For those who are single, Valentine's Day can trigger feelings of loneliness. We have all been there; images of happy couples that seem to be bombarded at you, constantly noticing couples hand in hand seems to be heightened around the date itself. On this day, and every other day, it is important to say, a person's worth should never be defined by their relationship status. So much pressure is put on romantic relationships, but if the day is about love, why should it be only be about ‘loved up’ couples. Surely it should be about expressing love to all friends and family in your life that you care about.


Whether you’re single or in a relationship, Valentine's Day can cause a lot of stress, so why bother? Or perhaps the question should be how much should you bother? Even when I was in school, boyfriends would have lavish gifts and flowers delivered to the classroom; it was more of a competition rather than a declaration of love. There is, of course, a difference between sending a lovely card and putting yourself under pressure to fork out on gifts and a fancy meal.

Later on in life, various desks around my office would be dotted with flowers. In this type of situation being single can be tough.

Perhaps Valentine's Day shouldn't feel any more special than any other date night. In fact, it is much more exciting when your ‘other half’ gives you flowers or a token or a card when there is no apparent reason at all. There is nothing nicer than a spontaneous gift or surprise rather than something that could be forced or obligatory.

Valentine's Day, as we know it, is certainly a far cry from its origins. So where did it all begin? St Valentine was a priest, during the reign of the Emperor Claudius who was persecuting the Church at the time. Claudius had prohibited the marriage of young men because he thought that unmarried soldiers fought better than married soldiers.


St Valentine focused on promoting marriage within the Church, and he married young people at the time in secret. Eventually, St Valentine was caught, imprisoned and tortured for performing these illegal marriage ceremonies. During his time in prison St Valentine is said to have performed a miracle. Asturias was one of the jailors for Claudius. Asturias’ daughter, Julia, was blind and St Valentine healed her. After this miracle Asturias converted to Christianity.

The night before St Valentinewas executed, he wrote a last note to Julia. His farewell letter was given to the jailer to give to his daughter. In it he urged her to stay close to God and he signed it "From your Valentine". He was executed the following day: February 14, 269.

We have come a far cry from the saint who defended the sanctity and importance of love and marriage to the death.

I certainly warm to the day more when you return closer to its origins. We are very lucky in Ireland, that we can head to Whitefriar Street Church to see the relics of St Valentine. He was a saint that believed in love and marriage, so much so, that he laid his life on the line for it. In essence, that is what we are all asked to do in marriage, to selflessly lay our lives on the line for one another.
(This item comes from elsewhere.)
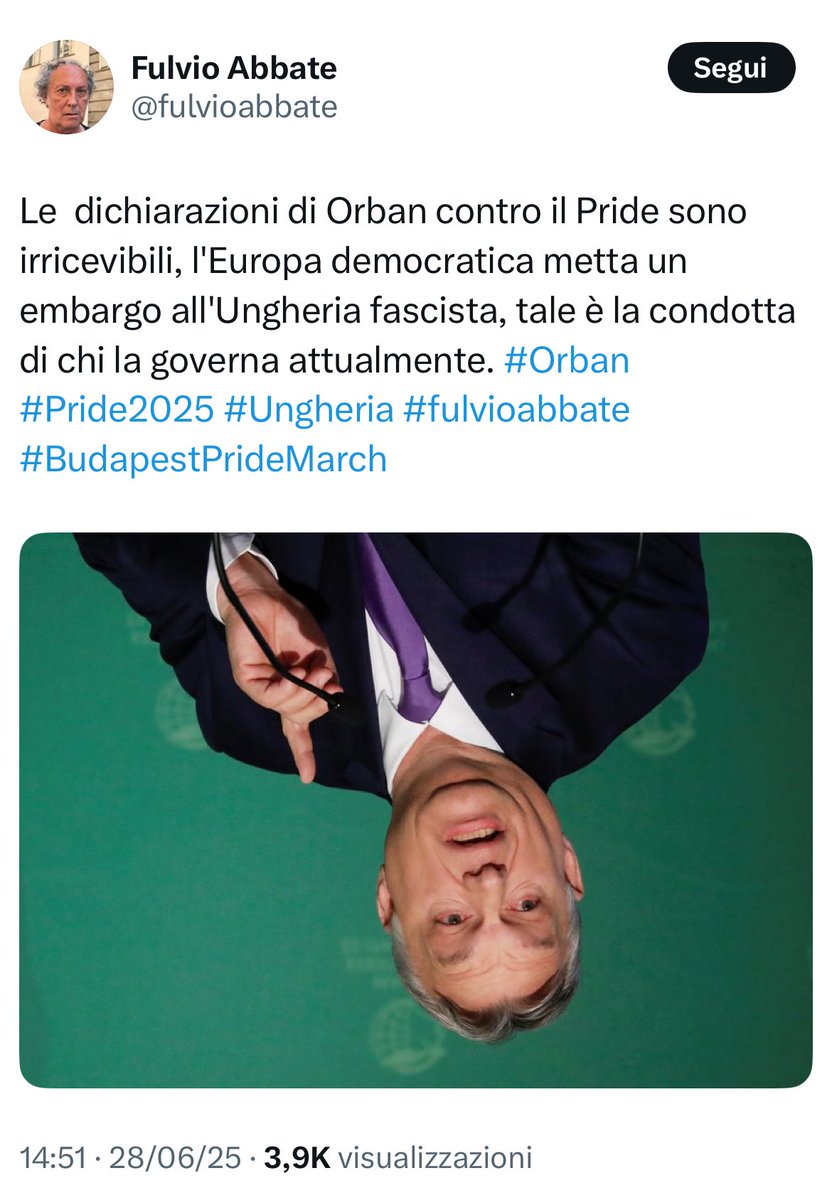 Sono un compagno semplice: metto #Orban a testa in giù. 

Scusa <a href="/fulvioabbate/">Fulvio Abbate</a>, eri tra quelli che festeggiavano quando i carri armati sovietici entravano a Budapest per ammazzare i ragazzi insorti per la libertà?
This Valentine's Day I will look forward to remembering the saint and asking for his intercession in my marriage. We need God in our love lives; to strengthen and guide us and it is him to whom we should look towards for guidance not Cupid! Because after the chocolates are eaten and the flowers are dead, God’s love and grace still remains. St Valentine had a realistic idea of love. It is not all hearts and roses. We know that we will have to suffer for one another, and maintaining commitment is not easy. I think St Valentine would ask a young couple today if he were to marry them – are you ready for that commitment?

If there is one thing I can recommend on Valentine's Day it is heading to Whitefriar Street Church. Of course, couples visit the saint’s relics throughout the year, but on February 14, when Mass is celebrated, his relics are venerated and engaged couples can take part in the blessing of the rings. I found it really quite special and it is a good time to remember what true love is really all about.

My suggestion is not to use the day to feel under pressure or to gauge the commitment or love of your partner. Of course, celebrate if you wish, but really the key is: the day is what you make it. While a dozen red roses are nice to receive, remember that on Valentine's Day they will cost you twice the price, as compared to any other day of the year.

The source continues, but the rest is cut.